Work to be completed. Lines from the one holding "Beautiful Center In" through the end of the entries, inclusive, form the whole output; reproduce them exactly and omit pictures.

Provided information.
═══

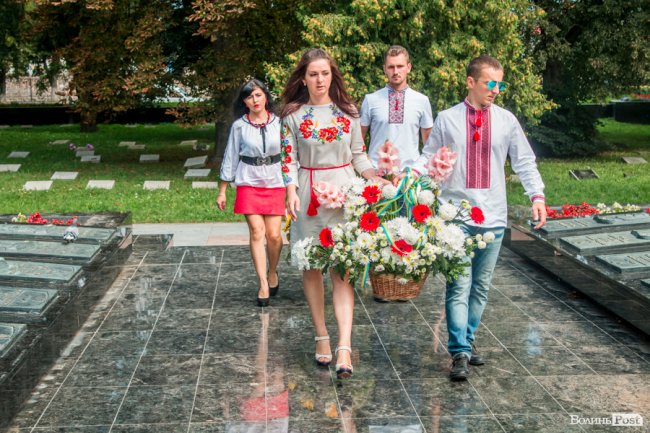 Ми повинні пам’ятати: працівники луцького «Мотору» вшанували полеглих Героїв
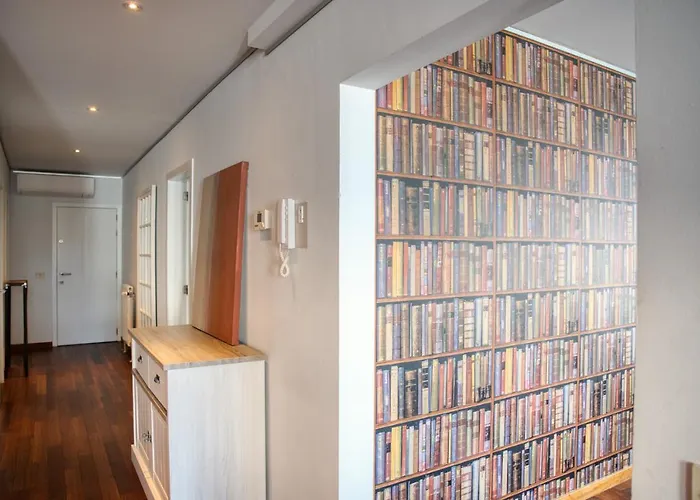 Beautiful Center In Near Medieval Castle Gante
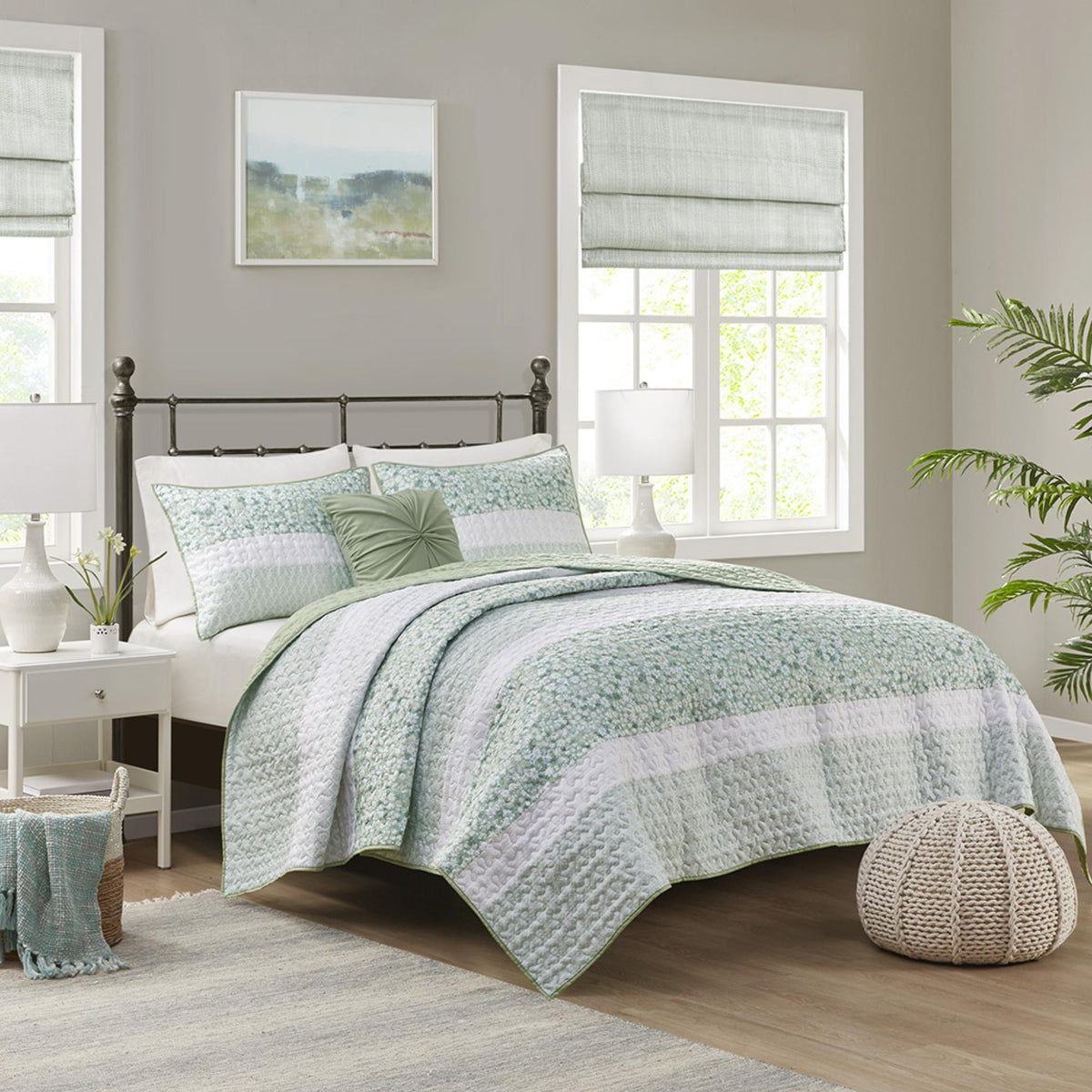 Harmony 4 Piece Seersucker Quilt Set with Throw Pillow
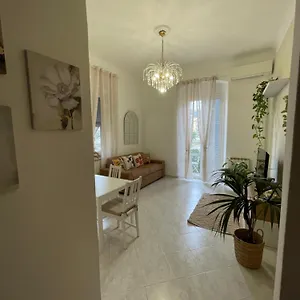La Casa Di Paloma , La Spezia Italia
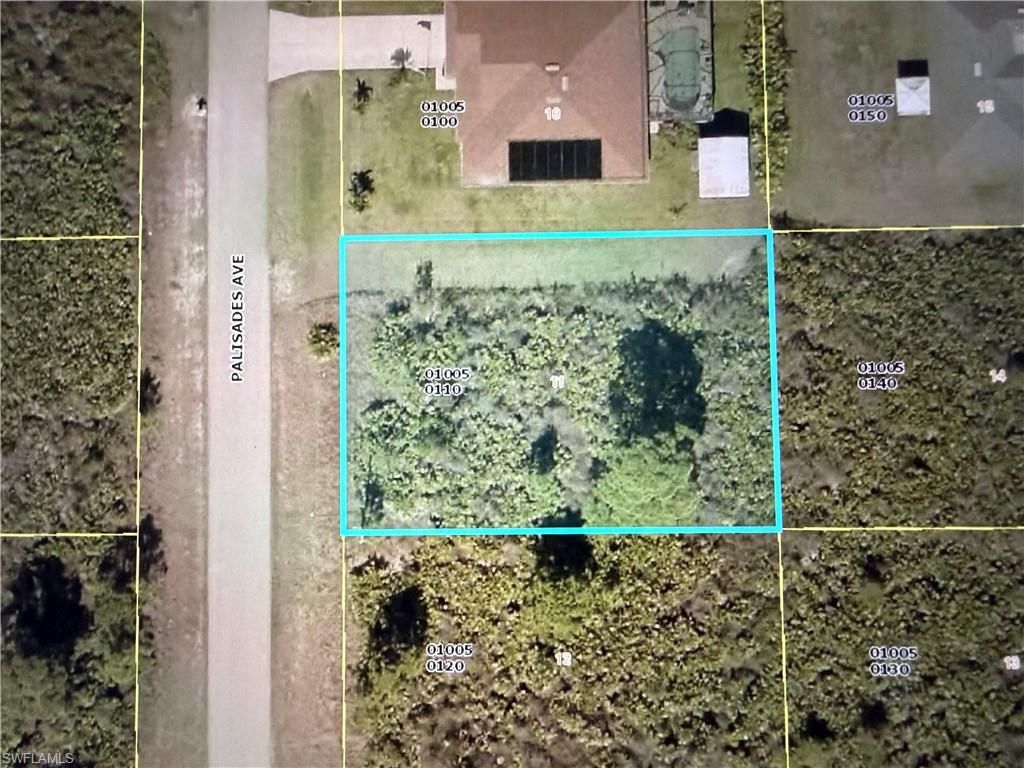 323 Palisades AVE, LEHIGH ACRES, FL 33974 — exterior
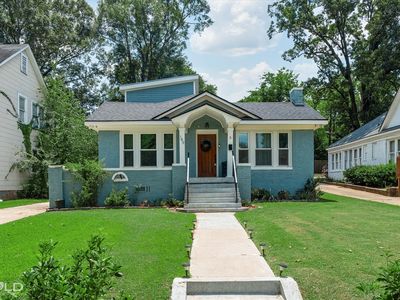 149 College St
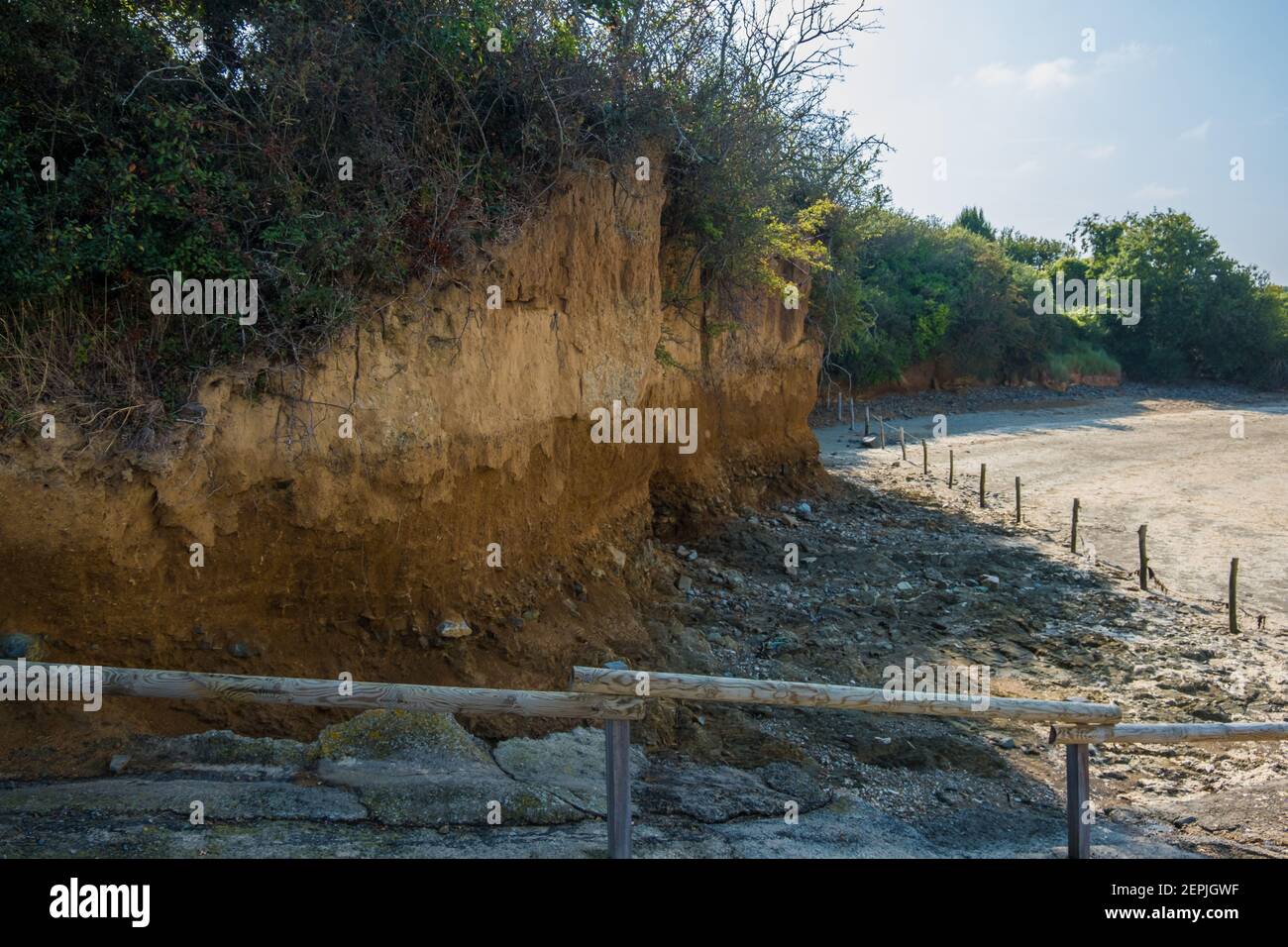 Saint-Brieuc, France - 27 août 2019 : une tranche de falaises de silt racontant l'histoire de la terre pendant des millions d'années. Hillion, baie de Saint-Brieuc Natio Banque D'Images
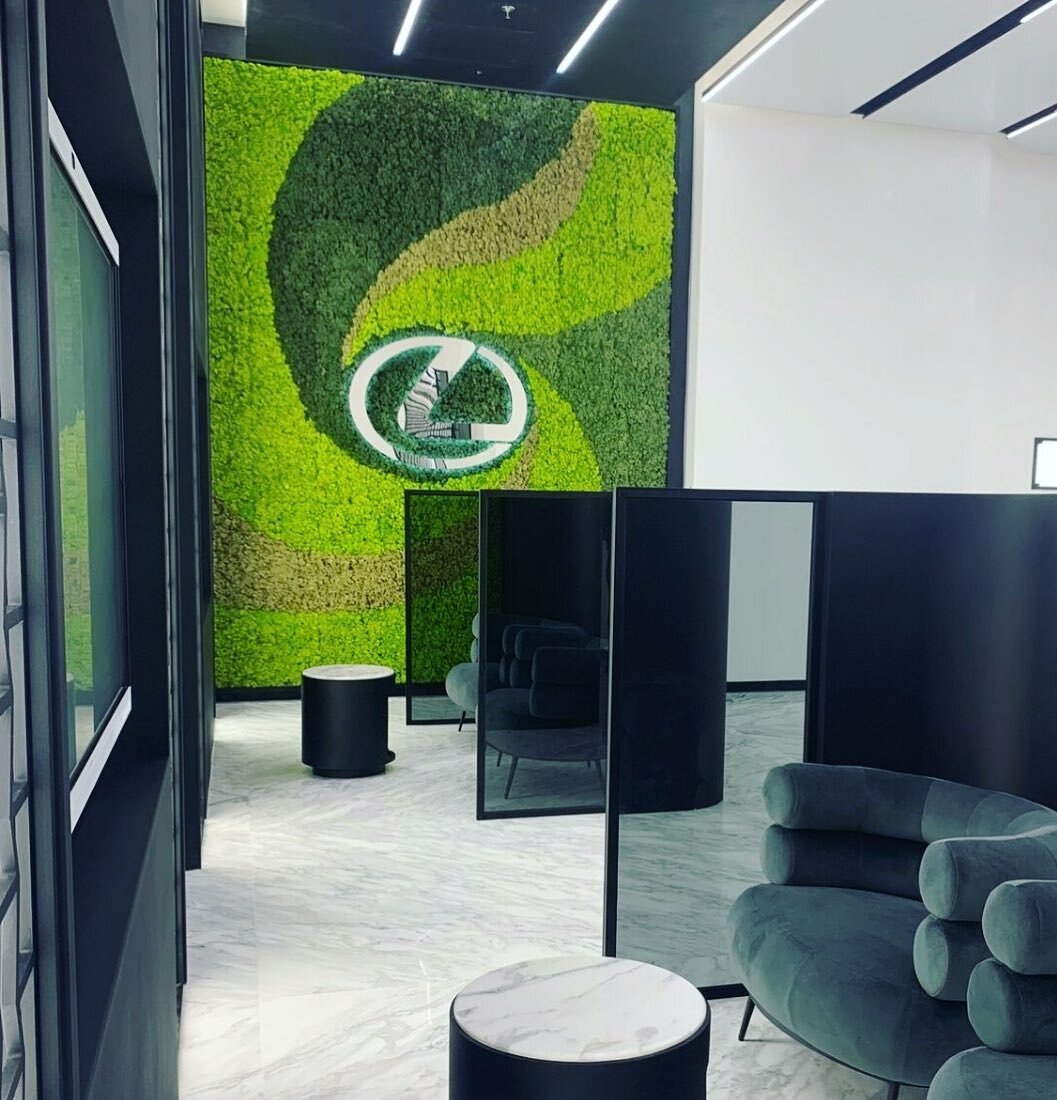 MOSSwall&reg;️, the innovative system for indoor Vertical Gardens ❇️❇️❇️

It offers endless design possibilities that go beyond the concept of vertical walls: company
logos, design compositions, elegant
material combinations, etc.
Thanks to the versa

═══

Written answer.
 Beautiful Center In Near Medieval Castle Gante
 Harmony 4 Piece Seersucker Quilt Set with Throw Pillow
La Casa Di Paloma , La Spezia Italia
 323 Palisades AVE, LEHIGH ACRES, FL 33974 — exterior
 149 College St
 Saint-Brieuc, France - 27 août 2019 : une tranche de falaises de silt racontant l'histoire de la terre pendant des millions d'années. Hillion, baie de Saint-Brieuc Natio Banque D'Images
 MOSSwall&reg;️, the innovative system for indoor Vertical Gardens ❇️❇️❇️

It offers endless design possibilities that go beyond the concept of vertical walls: company
logos, design compositions, elegant
material combinations, etc.
Thanks to the versa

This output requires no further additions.